*** Opening SUPPLIED ENTRIES ***
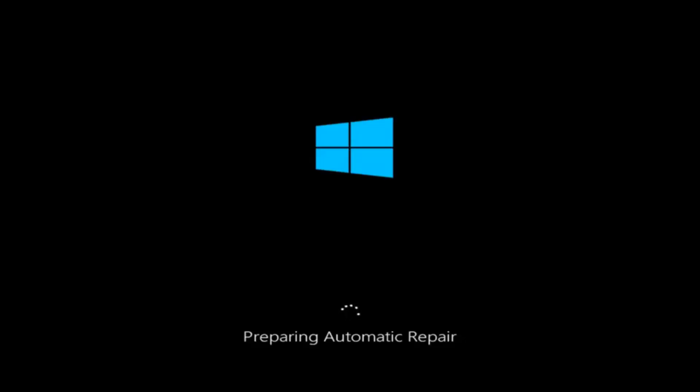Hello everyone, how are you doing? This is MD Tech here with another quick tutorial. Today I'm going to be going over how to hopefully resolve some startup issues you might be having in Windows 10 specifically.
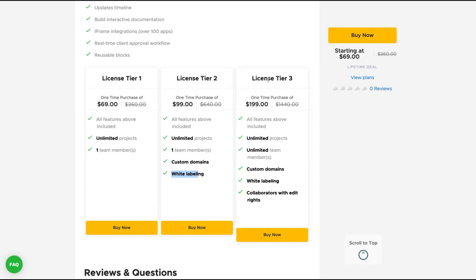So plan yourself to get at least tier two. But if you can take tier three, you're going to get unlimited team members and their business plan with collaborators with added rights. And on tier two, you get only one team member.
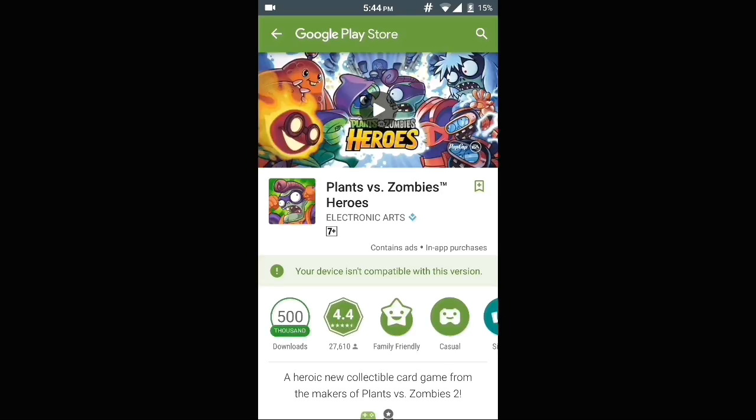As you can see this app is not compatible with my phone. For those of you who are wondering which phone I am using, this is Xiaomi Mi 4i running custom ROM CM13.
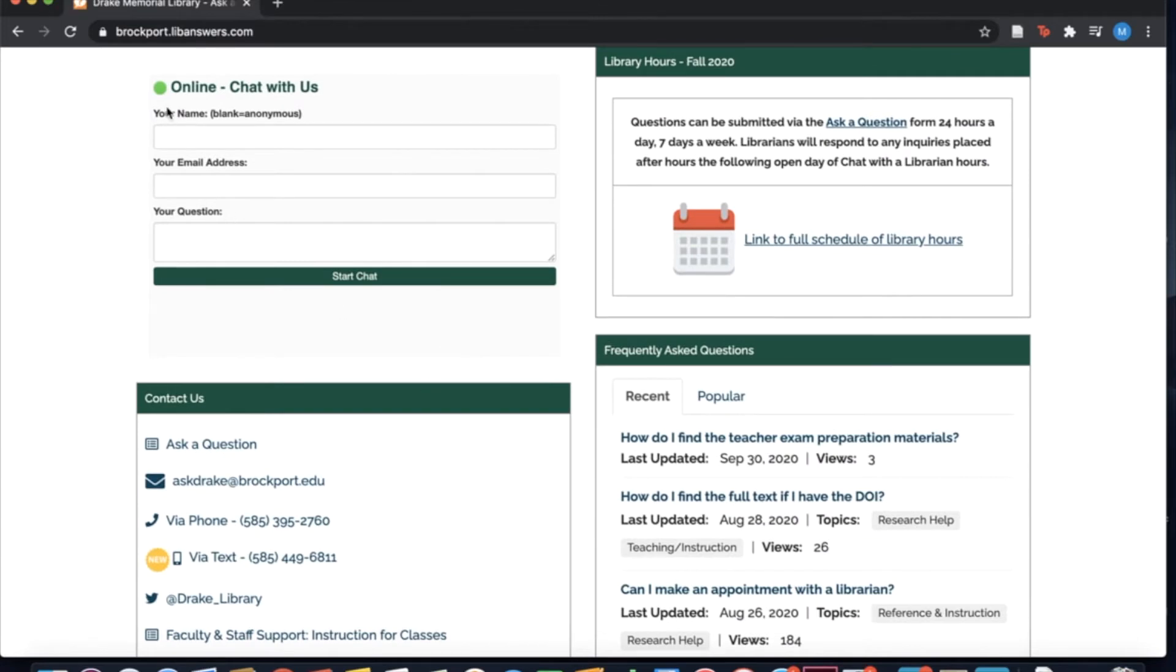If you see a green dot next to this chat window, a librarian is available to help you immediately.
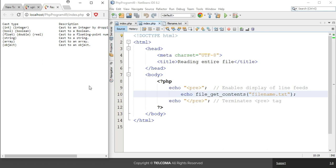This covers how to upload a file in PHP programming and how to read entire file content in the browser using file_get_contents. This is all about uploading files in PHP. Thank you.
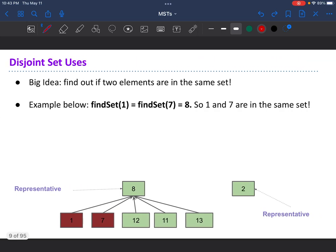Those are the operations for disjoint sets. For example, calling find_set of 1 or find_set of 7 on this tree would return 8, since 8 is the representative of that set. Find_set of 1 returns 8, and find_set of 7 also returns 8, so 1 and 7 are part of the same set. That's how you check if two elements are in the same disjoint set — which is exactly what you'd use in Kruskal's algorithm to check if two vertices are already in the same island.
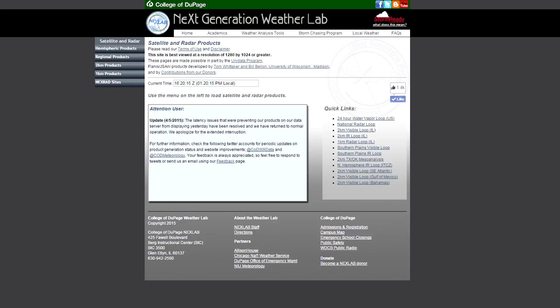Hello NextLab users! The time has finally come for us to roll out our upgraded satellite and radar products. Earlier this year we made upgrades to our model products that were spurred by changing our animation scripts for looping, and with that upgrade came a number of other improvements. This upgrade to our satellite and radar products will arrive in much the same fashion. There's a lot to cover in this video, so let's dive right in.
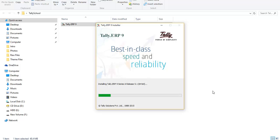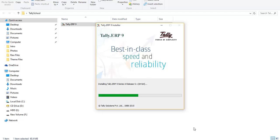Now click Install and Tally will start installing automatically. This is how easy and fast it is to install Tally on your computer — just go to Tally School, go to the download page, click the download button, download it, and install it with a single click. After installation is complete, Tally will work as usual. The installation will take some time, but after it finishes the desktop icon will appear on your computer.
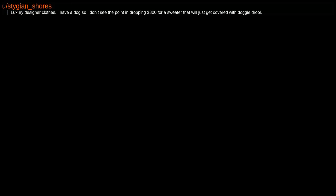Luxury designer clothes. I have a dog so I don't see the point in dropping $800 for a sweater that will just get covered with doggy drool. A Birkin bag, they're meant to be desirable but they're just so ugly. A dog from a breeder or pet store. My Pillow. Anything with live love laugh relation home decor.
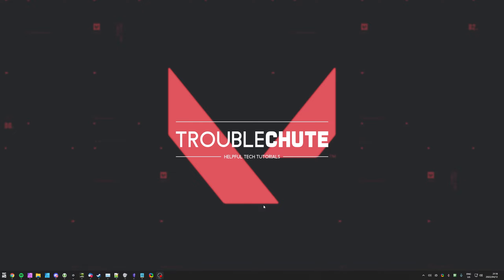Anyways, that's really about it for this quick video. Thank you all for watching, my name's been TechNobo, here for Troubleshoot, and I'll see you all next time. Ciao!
*** Closing SUPPLIED ENTRIES ***
*** Opening SUPPLIED ENTRIES ***
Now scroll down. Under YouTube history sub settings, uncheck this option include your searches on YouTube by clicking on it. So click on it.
*** Closing SUPPLIED ENTRIES ***
> [ACTION ITEM] Of the lines above, quote exactly those from the one with "As you can see" through the one with "This covers how", ends included; pictures stay out.

> [EXPECTED ANSWER]
As you can see this app is not compatible with my phone. For those of you who are wondering which phone I am using, this is Xiaomi Mi 4i running custom ROM CM13.
If you see a green dot next to this chat window, a librarian is available to help you immediately.
This covers how to upload a file in PHP programming and how to read entire file content in the browser using file_get_contents. This is all about uploading files in PHP. Thank you.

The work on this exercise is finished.